I'm writing this in 2008, but when you read it, the calendar will tell you it is 2009. That wouldn't ordinarily be particularly noteworthy, since many blogs, including this one, alternate between running things just as they are written and scheduling them to appear a few days hence. It just seemed relevant to mention because two pieces I've recently had go up online that are linked to and provide teasers for Global Shanghai, 1850-2010 deal with time and forward-looking issues.
One is the concluding segment of a Danwei.org two-parter on Shanghai and visions of the future. This installment focuses on sci-fi writings with ties to that city, with passing nods to a couple of films, a fantasy poster that imagines Shanghai hosting a World's Fair in the 25th century, and the actual World's Fair set to take place there in 2010. It has something to offer fans of Neal Stephenson and other cyberpunk authors. But it also, perhaps less expectedly for at least some but not all readers of this blog, spends some time talking about a story written by the late Qing and Republican era intellectual heavyweight Liang Qichao, which has been analyzed insightfully by John Fitzgerald in a fascinating Thesis 11 article.
My other recent online Global Shanghai-related publication with a futuristic dimension was one I did for the wonderfully varied History News Network site. Befitting an essay aimed more at historians and those interested in the past than China-focused readers per se, it explores the question of why someone belonging to the presumably backward-looking academic guild of which I am a member would include a date set in the future, 2010, in the title of a book.
There's a bit of other Global Shanghai news to report since my last SPS post, including two reviews I am very pleased with that can be accessed here and here.

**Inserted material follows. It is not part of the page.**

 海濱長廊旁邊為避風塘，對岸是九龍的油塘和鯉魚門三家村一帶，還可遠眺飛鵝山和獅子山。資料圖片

I've also got two other book teasers of a sort up on the web, each on sites I like a great deal. One appeared on the Campaign for the American Reader website, as part of their "Page 99 Test" feature. Their invitation to focus on that page gave me the challenge of reflecting anew about the chapter in the book dealing with the year 1975, which was in many ways the most difficult one for me to write. The other was written for The Asia-Pacific Journal: Japan Focus. I won't say anything more about that here, however, as China Beat will be running a post tomorrow (the tomorrow of this piece's publication, not the tomorrow of my writing these words) devoted exclusively to emphasizing how much interesting China-related material that venue, which originally concentrated more tightly on Japan, has been carrying.